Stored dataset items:
═══

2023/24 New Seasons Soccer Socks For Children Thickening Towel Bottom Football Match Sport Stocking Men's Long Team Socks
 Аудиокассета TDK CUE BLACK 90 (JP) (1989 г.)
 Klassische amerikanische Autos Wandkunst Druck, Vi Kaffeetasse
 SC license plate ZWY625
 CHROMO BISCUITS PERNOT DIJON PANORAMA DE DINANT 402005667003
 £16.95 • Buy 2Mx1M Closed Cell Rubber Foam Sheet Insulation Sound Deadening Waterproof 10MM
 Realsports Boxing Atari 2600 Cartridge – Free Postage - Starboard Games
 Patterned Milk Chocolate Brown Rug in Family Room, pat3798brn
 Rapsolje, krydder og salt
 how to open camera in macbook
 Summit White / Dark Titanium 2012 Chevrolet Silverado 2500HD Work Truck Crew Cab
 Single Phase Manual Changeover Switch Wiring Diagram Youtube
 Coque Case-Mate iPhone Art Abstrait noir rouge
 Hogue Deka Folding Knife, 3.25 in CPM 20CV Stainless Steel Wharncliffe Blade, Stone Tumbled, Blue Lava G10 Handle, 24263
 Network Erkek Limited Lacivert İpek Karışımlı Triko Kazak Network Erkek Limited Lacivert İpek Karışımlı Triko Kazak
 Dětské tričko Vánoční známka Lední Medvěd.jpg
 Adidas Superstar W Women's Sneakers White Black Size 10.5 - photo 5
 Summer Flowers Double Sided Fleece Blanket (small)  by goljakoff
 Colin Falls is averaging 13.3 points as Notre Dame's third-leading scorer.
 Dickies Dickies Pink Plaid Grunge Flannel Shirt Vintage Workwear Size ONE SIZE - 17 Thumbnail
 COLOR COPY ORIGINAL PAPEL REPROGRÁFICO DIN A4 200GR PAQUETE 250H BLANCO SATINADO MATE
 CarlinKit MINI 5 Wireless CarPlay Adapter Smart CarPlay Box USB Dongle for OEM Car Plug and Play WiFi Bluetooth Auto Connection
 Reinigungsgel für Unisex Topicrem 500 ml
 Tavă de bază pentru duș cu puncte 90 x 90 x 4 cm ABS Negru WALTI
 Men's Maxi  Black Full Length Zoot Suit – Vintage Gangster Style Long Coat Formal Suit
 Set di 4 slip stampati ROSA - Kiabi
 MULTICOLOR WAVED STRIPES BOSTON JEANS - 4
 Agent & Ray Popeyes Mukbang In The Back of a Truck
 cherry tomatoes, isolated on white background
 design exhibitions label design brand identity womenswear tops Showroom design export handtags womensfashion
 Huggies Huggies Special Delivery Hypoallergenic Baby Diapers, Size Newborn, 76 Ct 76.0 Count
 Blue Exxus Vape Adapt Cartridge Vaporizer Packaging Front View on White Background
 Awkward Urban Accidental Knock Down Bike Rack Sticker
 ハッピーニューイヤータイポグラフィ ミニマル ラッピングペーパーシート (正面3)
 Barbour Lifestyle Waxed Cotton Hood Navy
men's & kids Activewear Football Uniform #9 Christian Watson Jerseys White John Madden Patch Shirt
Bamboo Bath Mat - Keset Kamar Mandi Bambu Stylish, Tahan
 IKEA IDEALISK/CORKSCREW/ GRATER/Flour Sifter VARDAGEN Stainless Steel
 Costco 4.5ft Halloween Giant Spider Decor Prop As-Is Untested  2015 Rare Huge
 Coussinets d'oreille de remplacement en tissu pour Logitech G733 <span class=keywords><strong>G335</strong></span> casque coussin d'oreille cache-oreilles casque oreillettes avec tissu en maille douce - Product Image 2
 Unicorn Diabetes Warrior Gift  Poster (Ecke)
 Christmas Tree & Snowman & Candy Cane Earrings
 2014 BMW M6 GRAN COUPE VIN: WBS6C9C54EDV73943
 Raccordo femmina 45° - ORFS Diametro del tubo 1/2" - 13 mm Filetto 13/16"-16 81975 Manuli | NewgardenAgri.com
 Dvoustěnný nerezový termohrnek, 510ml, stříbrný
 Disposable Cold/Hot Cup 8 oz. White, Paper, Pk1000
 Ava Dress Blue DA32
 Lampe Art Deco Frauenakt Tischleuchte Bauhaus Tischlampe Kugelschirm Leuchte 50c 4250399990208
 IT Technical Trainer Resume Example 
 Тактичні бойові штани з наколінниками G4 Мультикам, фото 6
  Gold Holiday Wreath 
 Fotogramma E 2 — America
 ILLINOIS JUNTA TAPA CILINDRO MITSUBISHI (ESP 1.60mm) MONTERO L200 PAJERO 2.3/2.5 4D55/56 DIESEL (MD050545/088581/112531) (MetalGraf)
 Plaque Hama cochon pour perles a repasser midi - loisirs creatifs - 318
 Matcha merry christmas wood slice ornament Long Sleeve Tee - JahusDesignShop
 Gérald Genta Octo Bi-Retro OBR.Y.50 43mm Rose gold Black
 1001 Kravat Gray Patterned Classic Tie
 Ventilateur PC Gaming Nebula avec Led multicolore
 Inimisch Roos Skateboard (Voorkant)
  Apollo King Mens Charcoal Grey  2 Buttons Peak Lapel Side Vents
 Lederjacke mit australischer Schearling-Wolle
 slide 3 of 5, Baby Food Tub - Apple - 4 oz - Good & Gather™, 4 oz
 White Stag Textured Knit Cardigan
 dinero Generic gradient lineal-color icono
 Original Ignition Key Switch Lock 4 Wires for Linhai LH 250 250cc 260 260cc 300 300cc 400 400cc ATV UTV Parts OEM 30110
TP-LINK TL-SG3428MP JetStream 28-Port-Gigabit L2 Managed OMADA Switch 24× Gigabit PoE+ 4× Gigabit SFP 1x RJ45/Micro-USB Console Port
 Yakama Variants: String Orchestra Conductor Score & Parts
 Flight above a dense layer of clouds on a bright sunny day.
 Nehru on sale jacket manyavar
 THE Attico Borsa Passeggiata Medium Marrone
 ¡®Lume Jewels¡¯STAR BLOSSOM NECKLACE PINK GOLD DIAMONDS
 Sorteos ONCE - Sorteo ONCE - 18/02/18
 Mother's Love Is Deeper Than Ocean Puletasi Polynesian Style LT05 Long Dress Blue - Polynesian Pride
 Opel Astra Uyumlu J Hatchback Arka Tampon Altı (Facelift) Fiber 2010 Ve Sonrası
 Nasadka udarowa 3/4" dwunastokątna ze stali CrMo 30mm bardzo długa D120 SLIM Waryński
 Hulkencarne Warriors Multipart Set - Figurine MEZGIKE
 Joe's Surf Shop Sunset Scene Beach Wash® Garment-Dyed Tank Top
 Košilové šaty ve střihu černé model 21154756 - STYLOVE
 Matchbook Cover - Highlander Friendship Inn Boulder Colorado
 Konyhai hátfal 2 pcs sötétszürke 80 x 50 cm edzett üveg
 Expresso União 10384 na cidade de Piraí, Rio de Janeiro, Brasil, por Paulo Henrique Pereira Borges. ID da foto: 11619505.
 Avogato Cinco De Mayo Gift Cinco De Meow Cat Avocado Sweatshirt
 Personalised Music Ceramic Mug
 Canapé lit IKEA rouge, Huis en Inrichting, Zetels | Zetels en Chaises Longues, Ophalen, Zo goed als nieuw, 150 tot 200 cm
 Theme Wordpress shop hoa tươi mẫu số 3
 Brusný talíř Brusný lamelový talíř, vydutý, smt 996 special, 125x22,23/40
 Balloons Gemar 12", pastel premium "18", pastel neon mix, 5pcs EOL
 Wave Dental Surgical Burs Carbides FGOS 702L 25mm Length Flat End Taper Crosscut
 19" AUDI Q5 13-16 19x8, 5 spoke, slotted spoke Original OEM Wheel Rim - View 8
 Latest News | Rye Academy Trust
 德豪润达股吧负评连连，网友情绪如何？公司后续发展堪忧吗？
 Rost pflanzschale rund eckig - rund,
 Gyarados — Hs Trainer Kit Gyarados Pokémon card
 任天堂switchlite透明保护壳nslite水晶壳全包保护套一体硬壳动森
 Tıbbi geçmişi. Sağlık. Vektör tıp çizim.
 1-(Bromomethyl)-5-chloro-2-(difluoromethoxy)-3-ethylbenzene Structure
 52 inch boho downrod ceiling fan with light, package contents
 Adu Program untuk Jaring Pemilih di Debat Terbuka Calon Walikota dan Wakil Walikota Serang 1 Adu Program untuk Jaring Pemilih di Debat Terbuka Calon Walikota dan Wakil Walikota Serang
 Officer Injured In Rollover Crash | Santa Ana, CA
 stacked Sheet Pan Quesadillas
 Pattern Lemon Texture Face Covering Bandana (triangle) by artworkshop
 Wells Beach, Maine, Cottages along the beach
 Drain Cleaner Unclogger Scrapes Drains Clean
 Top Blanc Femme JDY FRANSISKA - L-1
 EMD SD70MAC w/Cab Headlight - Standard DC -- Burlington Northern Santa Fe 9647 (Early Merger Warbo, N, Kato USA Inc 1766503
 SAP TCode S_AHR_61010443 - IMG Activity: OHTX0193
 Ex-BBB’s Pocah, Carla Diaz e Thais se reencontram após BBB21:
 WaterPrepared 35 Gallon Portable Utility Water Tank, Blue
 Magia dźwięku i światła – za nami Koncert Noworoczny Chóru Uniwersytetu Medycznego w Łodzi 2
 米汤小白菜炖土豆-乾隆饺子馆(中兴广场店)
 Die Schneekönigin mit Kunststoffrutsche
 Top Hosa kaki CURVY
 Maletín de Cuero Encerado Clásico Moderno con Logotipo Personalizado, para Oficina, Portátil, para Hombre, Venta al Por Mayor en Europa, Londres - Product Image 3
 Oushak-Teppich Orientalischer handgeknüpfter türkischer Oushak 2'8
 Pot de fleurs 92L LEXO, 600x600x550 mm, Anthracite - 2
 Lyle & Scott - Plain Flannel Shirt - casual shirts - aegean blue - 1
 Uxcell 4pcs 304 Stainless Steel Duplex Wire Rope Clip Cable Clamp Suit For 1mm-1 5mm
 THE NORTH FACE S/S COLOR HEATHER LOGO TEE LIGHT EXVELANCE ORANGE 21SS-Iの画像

═══

■ AIM OF THE TASK
Your answer should consist of copies of the lines above that include the string "Santa".

■ RESPONSE TO THIS EXERCISE
 Officer Injured In Rollover Crash | Santa Ana, CA
 EMD SD70MAC w/Cab Headlight - Standard DC -- Burlington Northern Santa Fe 9647 (Early Merger Warbo, N, Kato USA Inc 1766503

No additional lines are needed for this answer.